ABOUT THIS TASK: Repeat the listing below verbatim, without its images.

SUPPLIED DATA:

-.-.-

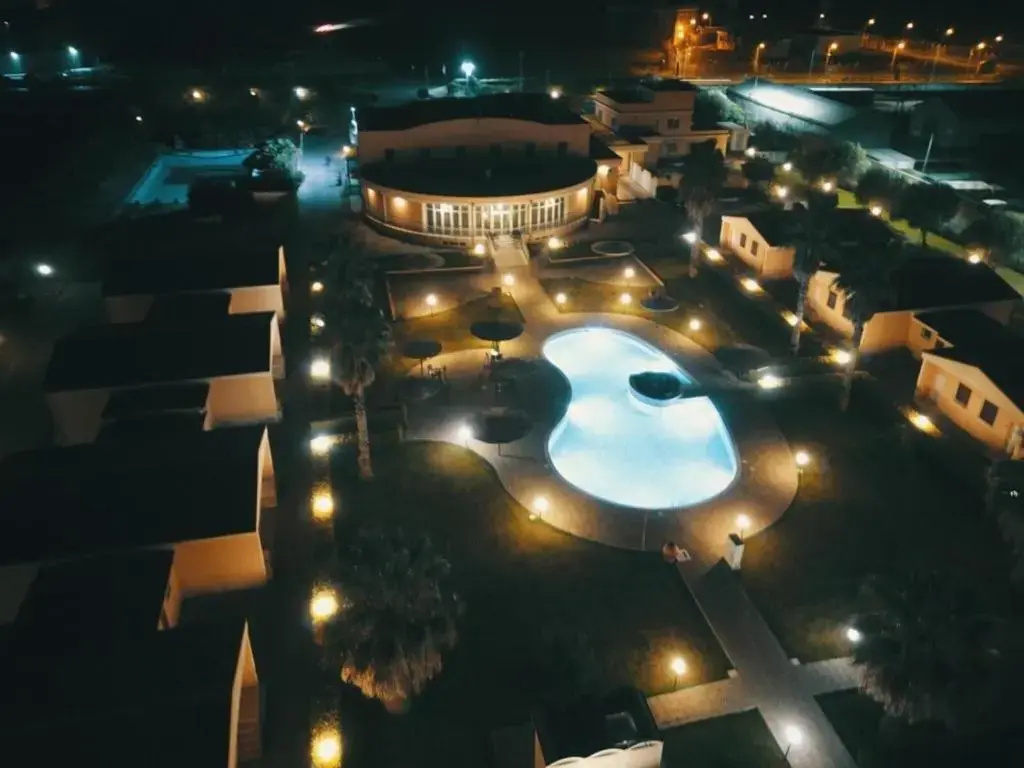 Photo - Hotel Minerva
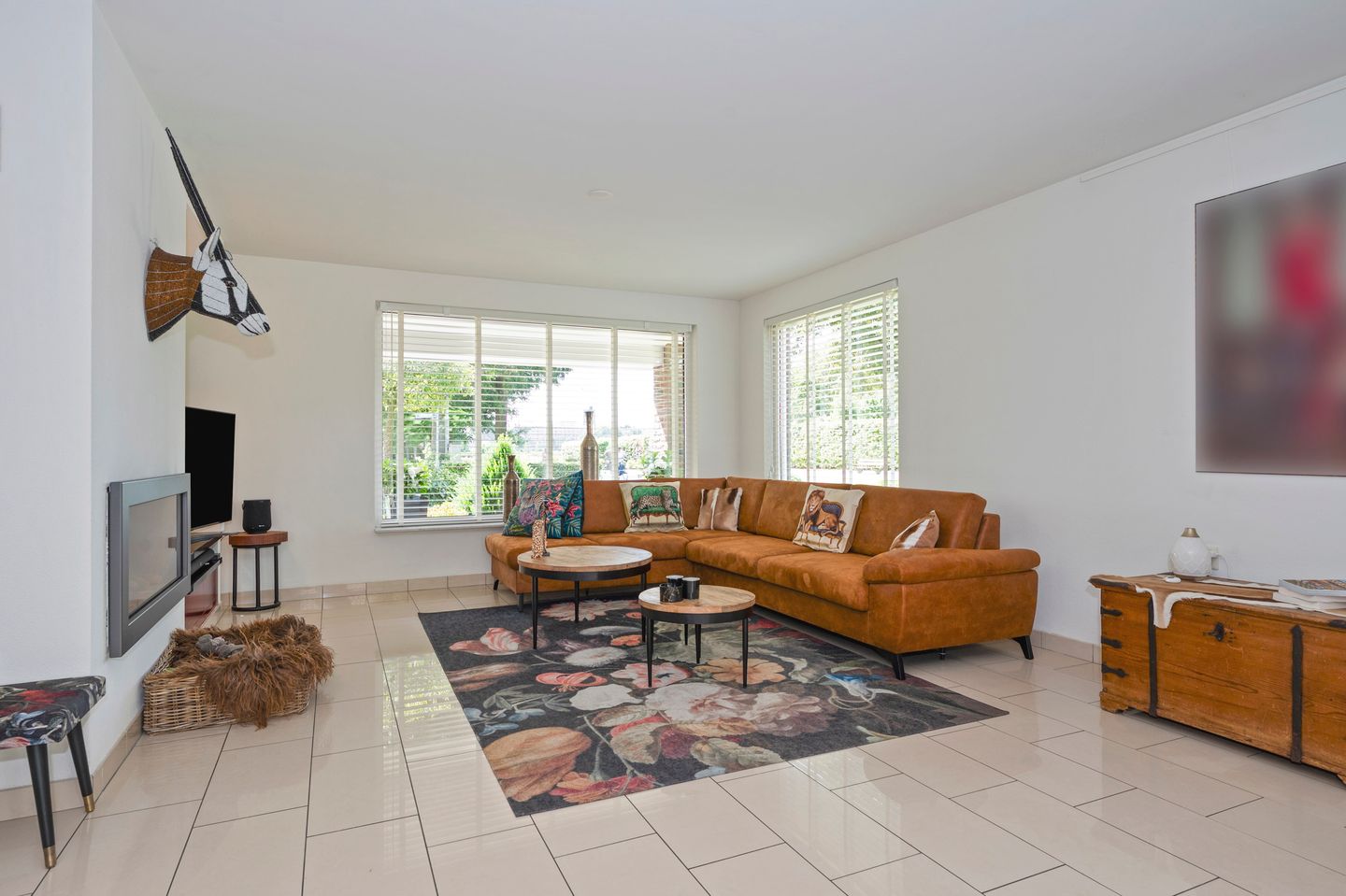 Foto 14 van Herenhofstraat 20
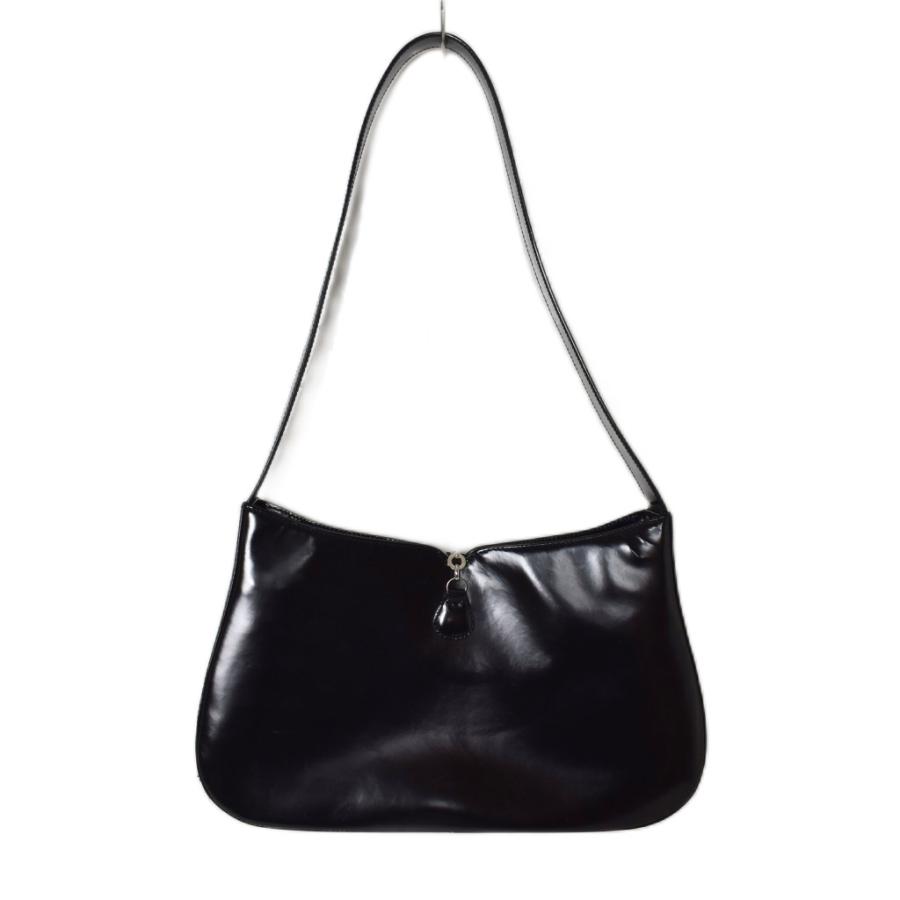 FERRAGAMO（フェラガモ） サルヴァトーレフェラガモ Salvatore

-.-.-

COMPLETED TASK:
 Photo - Hotel Minerva
 Foto 14 van Herenhofstraat 20
 FERRAGAMO（フェラガモ） サルヴァトーレフェラガモ Salvatore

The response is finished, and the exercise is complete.